Mind you, I did wonder if it was a drugs euphemism, like cake from Brass Eye

TheCurious0range · 06/08/2025 00:02

User8081 · 05/08/2025 22:35

My DH is 6' 6" big build (wide shoulders etc) but not overweight. His calculated BMR is around 3,000 calories, so exactly double mine.

The fact is he needs double the food (calories) that I need to maintain normal healthy weight.

Some of the posts in this thread saying OP's DH is just "greedy" and he can just eat half his normal diet are pretty shit given we haven't been told he's massively overweight or just eating shit for the fun of it.

Why can't OP also eat half her required calories to save money, too?

Not possible because this is MN she's not a man? 🙄

Do you eat 2.5 jacket potatoes at a time? My husband is 6'4 and a gym goer, he eats more than me maybe even double when I'm watching my calories. He doesn't need 5 jacket potatoes at a time. No one does.

bigkahunaburger · 06/08/2025 00:07

When Im skint I go to Iceland. They are amazing for cheap fillers. The one pound meals are awesome - get him two of them!

Also noodles - so cheap and yummy
Cereal and milk - nowt wrong with that for dinner
Cheap bread sandwiches.
Eggs, eggs, eggs.

200 pounds a week in mental. I spend 25 a week and I eat really well, and clean. Lots of meat, including steak.
What on earth are you spending it on?

Kisskiss · 06/08/2025 00:11

200 on groceries sounds mad. I spend nowhere near that for 3 and a dog. And yes my husband is also big.
i get that formula is 14 for 5 days, so 19.6 for the week . You are still spending 180 on something?
lots of people have asked and you haven’t really said what you cook for 180 pounds.. that’s like 25 quid per day of food .
are you eating steaks everyday???
pork stir fry with veg would cost 3 pounds max to make. And is enough for 3. Serve with rice or pasta or potatoes.. 3.50. Stir fry some veg ( beans or brocolli or Chinese leaf ) for another 1.5 and that’s 5 pound for a healthy dinner for 3

mince is cheap too and can be cooked in a lot of different ways as so versatile

or fried rice with chicken breast and mixed veg.. wouldn’t cost more than 3/4 foundation depending on how much chicken you chuck in.. or use frozen prawnz

pasta with smoked salmon and cherry tomatoes and cream.. if you get own brand smoked salmon it’s 2.5 for 150g .. the whole dish wouldnt cost more than 4.5 for 2 adults…

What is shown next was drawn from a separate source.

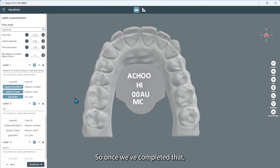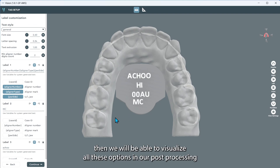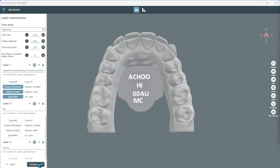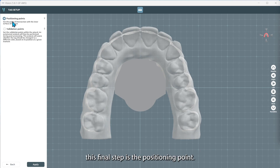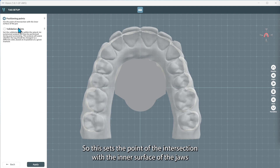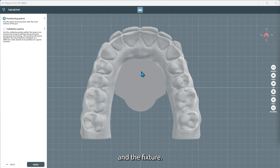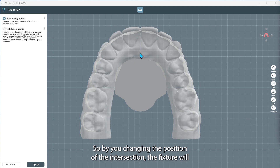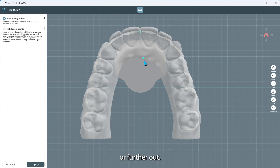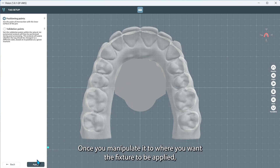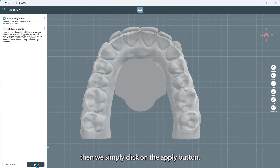Once we've completed that, we will be able to visualize all these options in our post-processing. In this final step is the positioning point. This sets the point of intersection with the inner surface of the jaws and the fixture. By changing the position of the intersection, the fixture will be placed further into the structure of the model or further out. Once you've manipulated it to where you want the fixture applied, we simply click on the apply button.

basa fillets are cheap and healthy and tasty too..
theres loads of things you can cook which would cost under a fiver for 2 plus a 5 year old. So really your food cost per day could easily be 10 quid for lunch and dinner and maybe 3 for breakfast? So 13 max and probably some days would be less if you loaded up more veg and less meat…
13 x 7 plus 20 for formula is 111 a week…
dog food isn’t that expensive… unless you’re giving your dog expensive brands or canned food. My dog was perfectly happy with kibble and it’s better for their teeth!!!

Tiredofwhataboutery · 06/08/2025 00:22

I think you need to set aside money for essentials so formula and fuel and then a bit for household items loo roll, washing powder, shampoo. That’s probably poig to bring you down to fifty quid a week.

It is doable. I’m on a budget so we eat a lot of chicken thighs a kilo 4-5 is £2:15 so much cheaper than breast.. if you’ve got leftovers pasta salad with cheap penne, sweetcorn, chicken lettuce and dressing for lunch. I think you cut protien portions so rather than a salmon fillet each you flake two through a pot of pasta for sharing. Cheap fruit and veg lots of carrots , apples , bananas, frozen peas etc.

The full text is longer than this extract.